Exclude all pictures, and reproduce exactly the lines from the one containing "165/60R15 77H TOYO" through the end of the records, with nothing else added.

▼

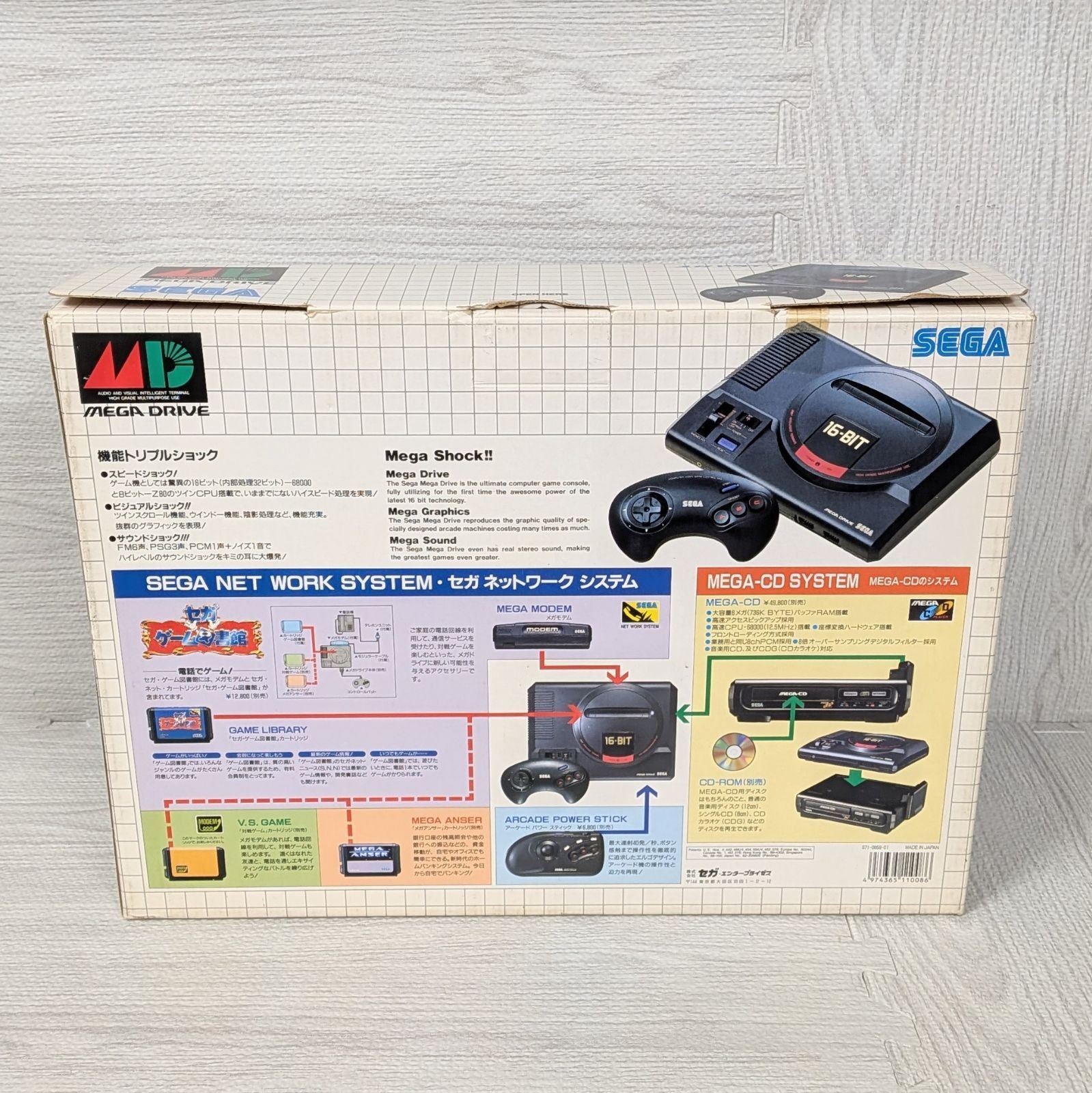 SEGA Mega Drive HAA 2510 with original box confirmed working includes manual con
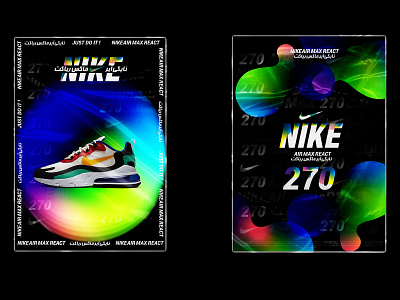 Nike Air Max React 270 branding color design nike poster art typography
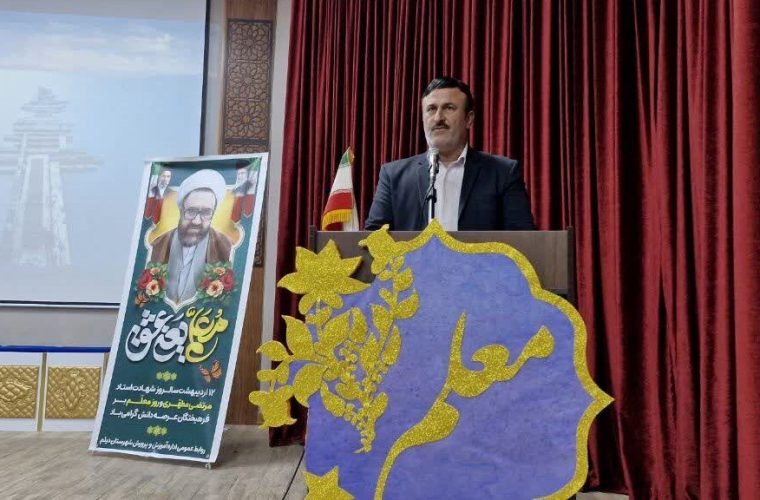 پایگاه خبری تبریز یازار | اخبار ایران و جهان | Mehr News Agency پایگاه خبری تبریز یازار | اخبار ایران و جهان | Mehr News Agency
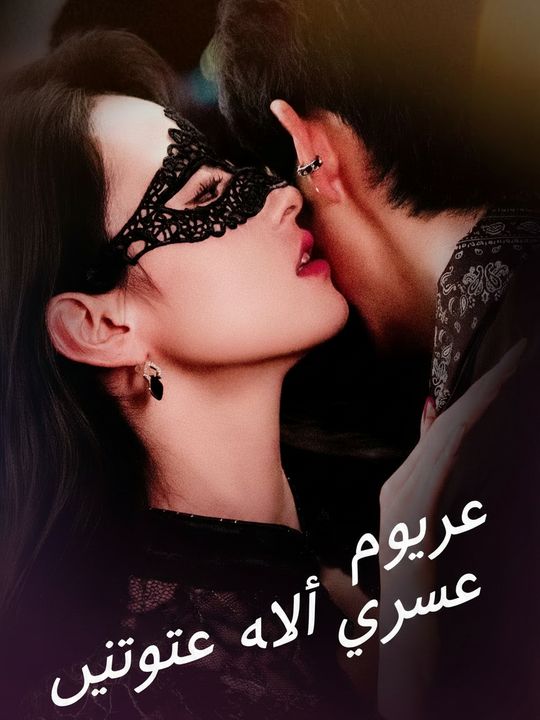 زوجة أخي السرية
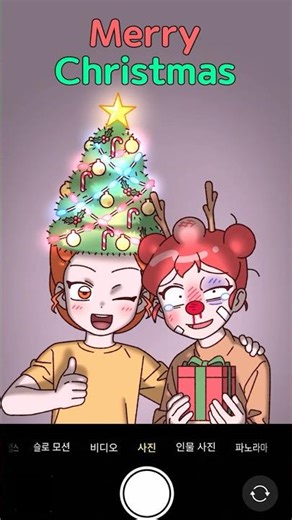 [체리툰] 트리머리 만들기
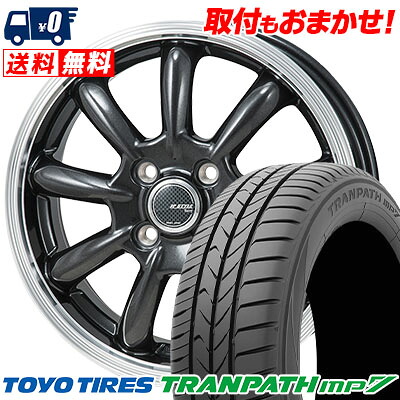 165/60R15 77H TOYO TIRES TRANPATH mp7 JP STYLE Bany サマータイヤホイール4本セット 【取付対象】|タイヤワールド館ベスト店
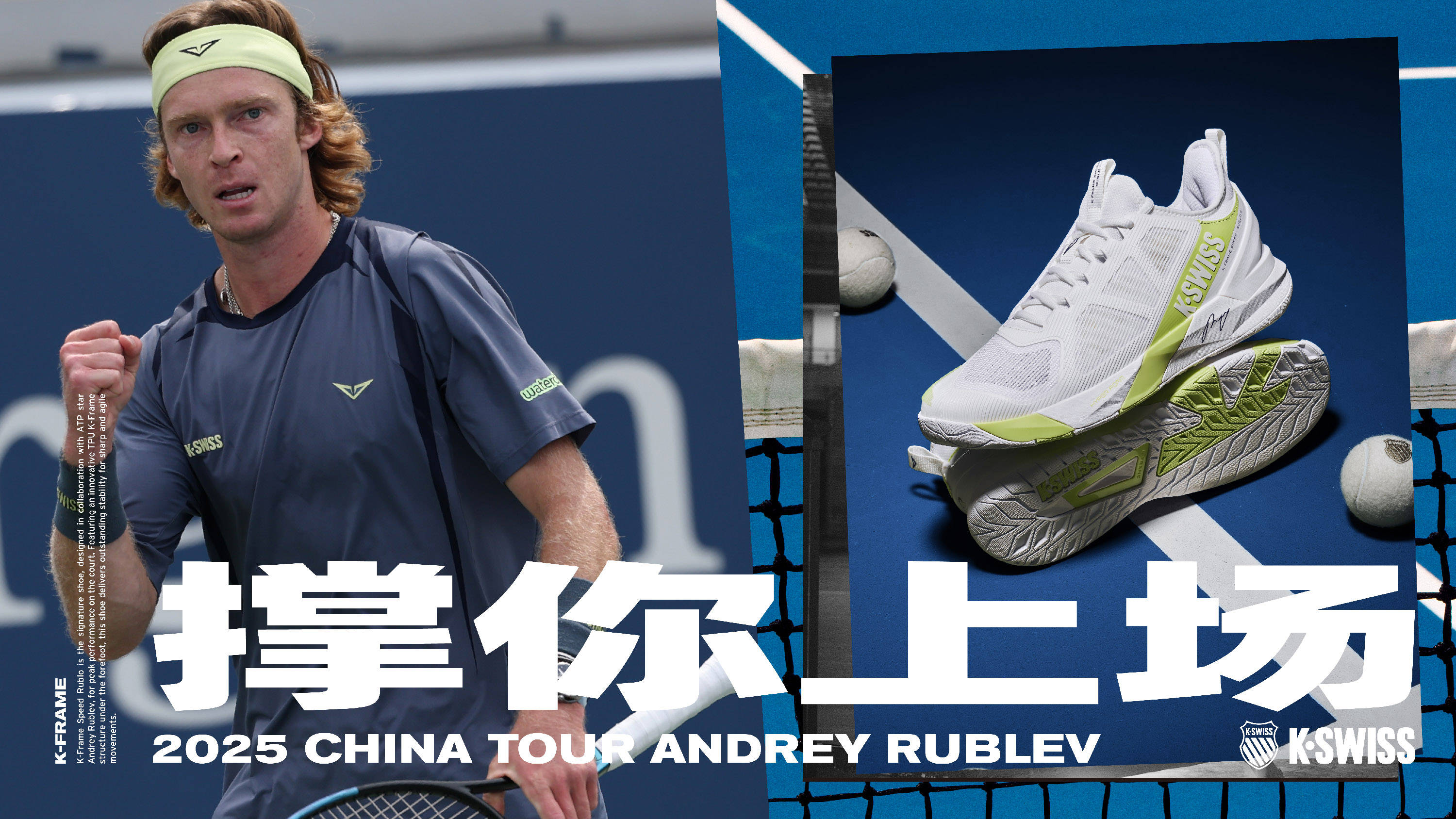 克服自身的 克服自身的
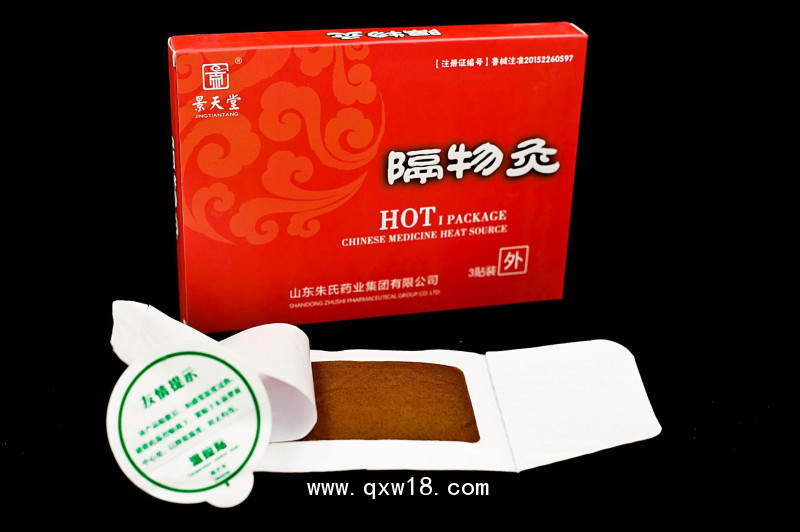 隔物灸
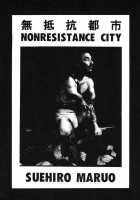 Lunatic Lovers [Maruo Suehiro] [Original] Thumbnail Page 118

▲

Task response:
 165/60R15 77H TOYO TIRES TRANPATH mp7 JP STYLE Bany サマータイヤホイール4本セット 【取付対象】|タイヤワールド館ベスト店
 克服自身的 克服自身的
 隔物灸
 Lunatic Lovers [Maruo Suehiro] [Original] Thumbnail Page 118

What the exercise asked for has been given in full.